Calls for oversight renewed after fatality in Calif. hostage standoff
Mistaken killing of a man has sparked new debate over how much authority the department's independent inspector general should have in investigations
By Catherine Saillant and Jeff Gottlieb
Los Angeles Times
PICO RIVERA, Calif. — The mistaken killing of a Pico Rivera man by a Los Angeles County sheriff's deputy during a hostage standoff — the second such death in four months — has sparked new debate over how much authority the department's independent inspector general should have in investigating deputy conduct.
Frank Mendoza, 54, was shot when a deputy mistook him for an armed suspect who had broken into the Mendoza home late Friday afternoon, authorities said. The gunman, 24-year-old Cedric Ramirez, took Mendoza's wife captive and held her until a tactical team entered the house and fatally shot him eight hours later, authorities said. The wife was unharmed.

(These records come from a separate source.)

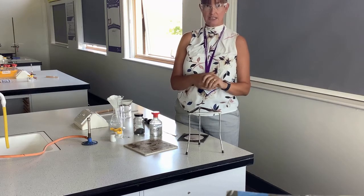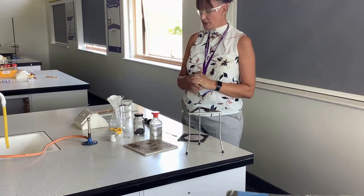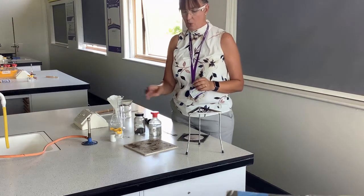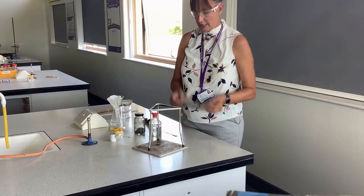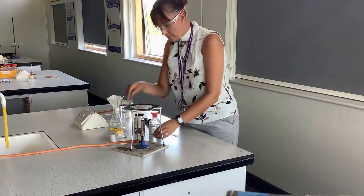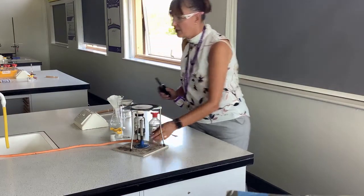So in the second part of the practical we will need to remove the salt from the water. First of all we're going to create our salt, and to do that we are going to need a Bunsen burner. I have a heat mat, a tripod and a gauze, and a Bunsen burner — making sure that when I light it, I light it on a yellow flame.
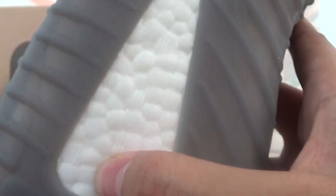Check the bottom — here is the Boost sole. And the Adidas circle logo here.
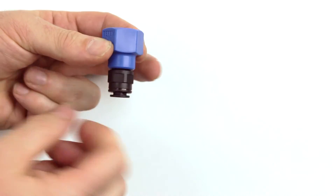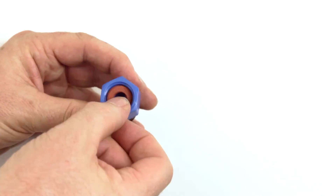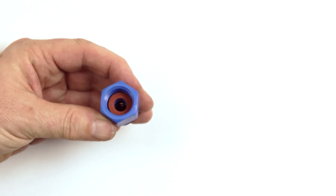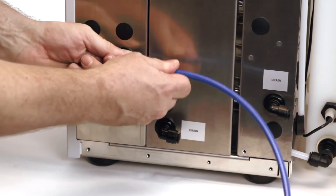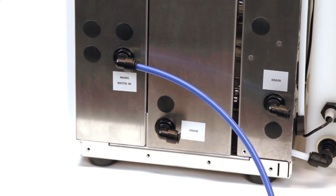Using the adapters provided, convert the purified water supply to 8mm. Connect to the inlet using the 8mm tube provided. If fed from a purified water distribution system, a pressure regulator is provided to reduce the pressure down to one bar.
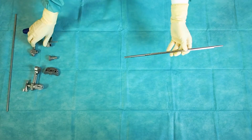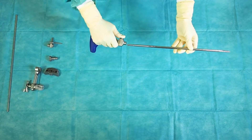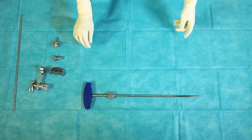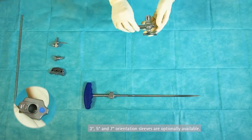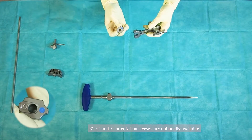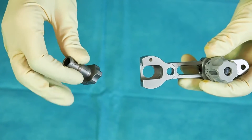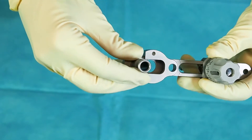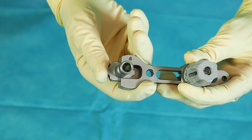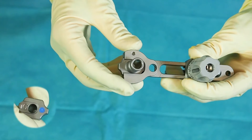Push the button of the T-handle to couple it with the intramedullary alignment rod. Connect the tibia orientation sleeve to the intramedullary alignment system. The 0 degree orientation sleeve indicates a 90 degree tibia resection in relation to the intramedullary canal. A 3 degree posterior slope is integrated in the gliding surfaces.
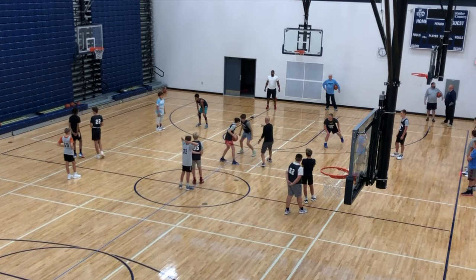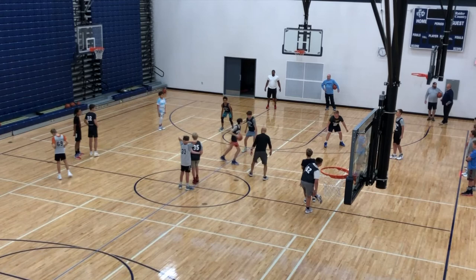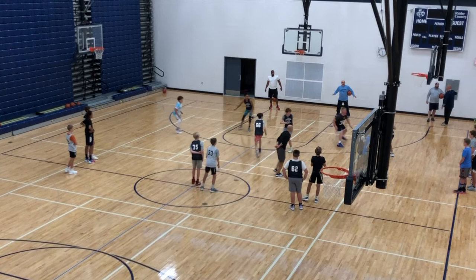Here we go. Come on, D — this is like the Virginia Cavaliers. Miles, get in that gap. Ready? Pass. Pass. Get there, get there. Two passes away, Miles. Pass. Get there. Pass. Good job, Blake — see both. Pass. Live! It's live! Come on, get a stop, get a stop. Don't foul, Miles, don't foul.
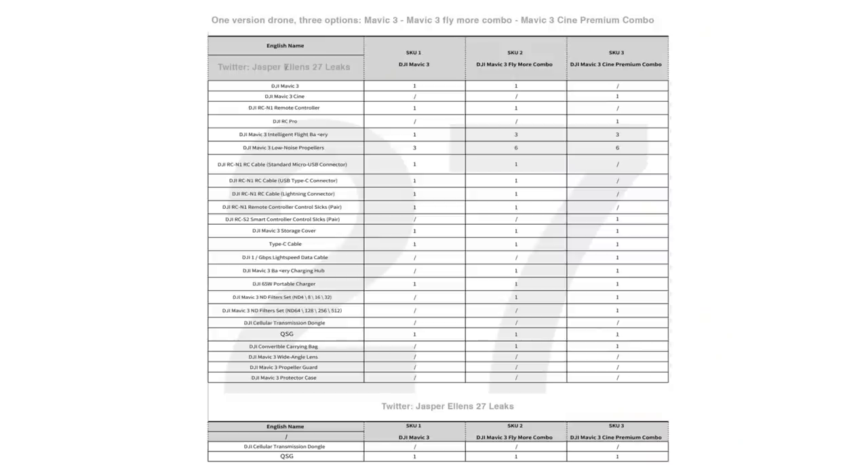This is not sponsored. I have a few collections of images here that I want to share with you in a segmented form. The first thing we're going to be talking about is the combo spreadsheet. We have three different combinations of Mavic 3 packages. It looks like we're going to get three packages. The standard package comes with the drone, the standard remote controller, one battery, propellers, cables, and all the other accessories in the base package.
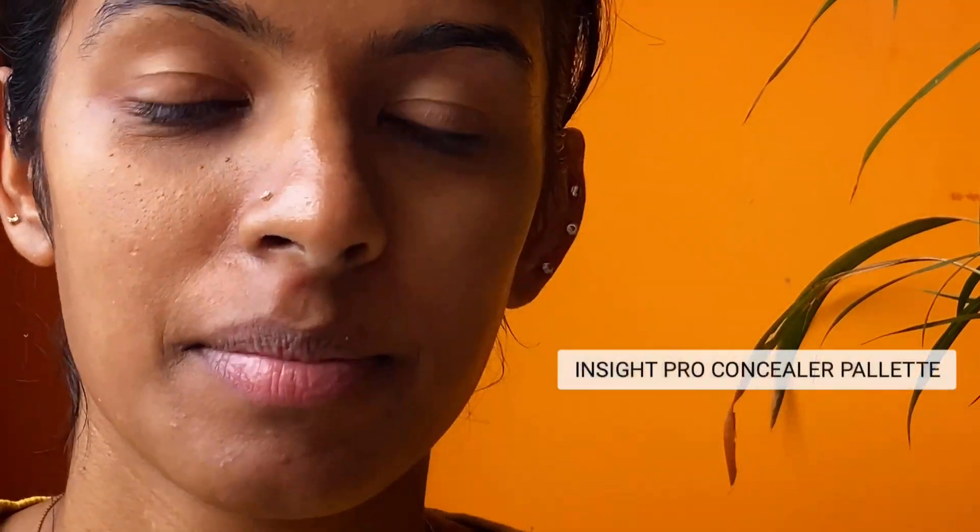Be very gentle while blending. Now I'm taking the orange color from the palette and applying it all over my under eyes to cover up darkness, and around my mouth where I have pigmentation. Then I'm taking the concealer which is closest to my skin tone.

The case is now under investigation by the Sheriff's Department's internal affairs unit as well as the district attorney and coroner, as is customary in officer-involved shootings.

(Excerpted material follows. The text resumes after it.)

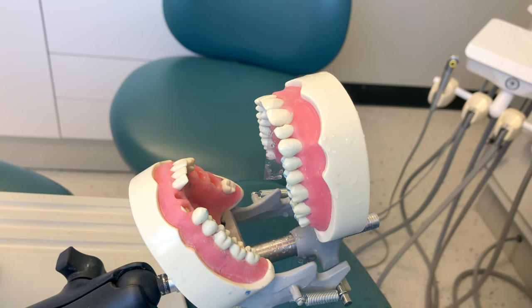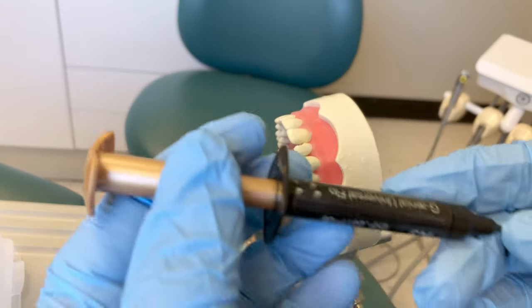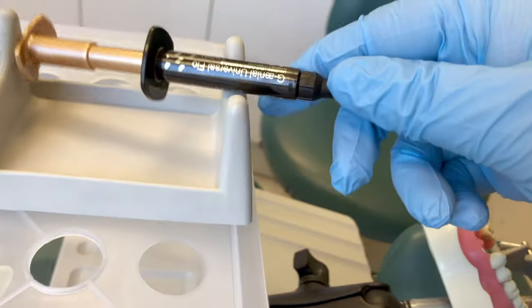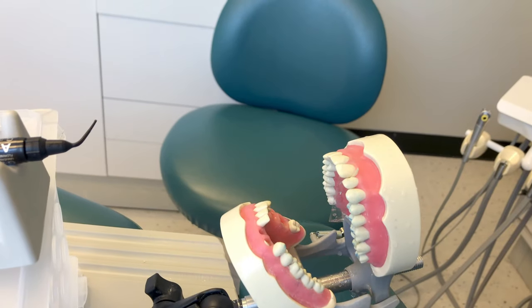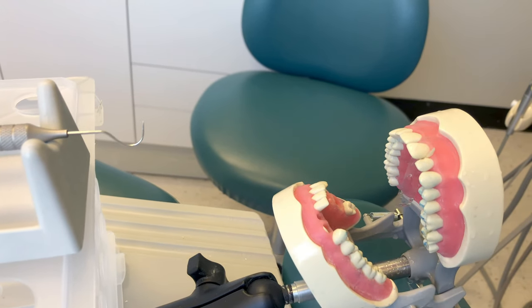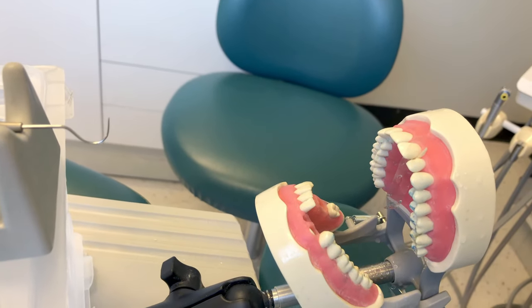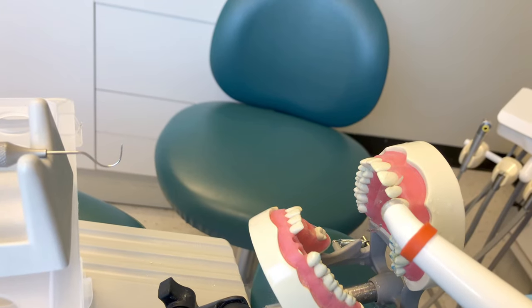The bonding agent acts as an adhesive for the layers of composite to bond to the tooth. Next up is flowable composite, which usually comes in a syringe and is passed to the doctor similarly to the etchant. We hold the tip and deliver it into their hand. While the doctor uses the flowable composite, get the explorer ready and a piece of gauze. Be careful when wiping sharp instruments — come at the instrument from the side and wipe away from the tip.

But Max Huntsman, the new civilian monitor in the Sheriff's Department, said Sunday the case underscores the need for his unit to also review all records, including a deputy's personnel files, in deciding whether the department does a thorough job investigating.
The Los Angeles County Board of Supervisors appointed Huntsman after a series of scandals in the department, which culminated with federal charges against sheriff's officials over alleged inmate abuse in the jail system.
The Sheriff's Department and Huntsman are still negotiating how much access the inspector general should have.
Interim Sheriff John L. Scott has been resistant to granting access to deputies' personnel files, citing legal concerns about confidentiality, said Huntsman, a veteran prosecutor appointed to the inspector general's post last year.
Scott could not be reached for comment Sunday. But in a letter to the Board of Supervisors last month, he urged "safeguards against overzealous review" by civilian overseers.
The supervisors on Tuesday are expected to consider establishing a long-debated civilian oversight commission to serve as the public's eyes and ears on departmental matters. Granting the inspector general authority to review personnel files should be part of the discussion, Huntsman said.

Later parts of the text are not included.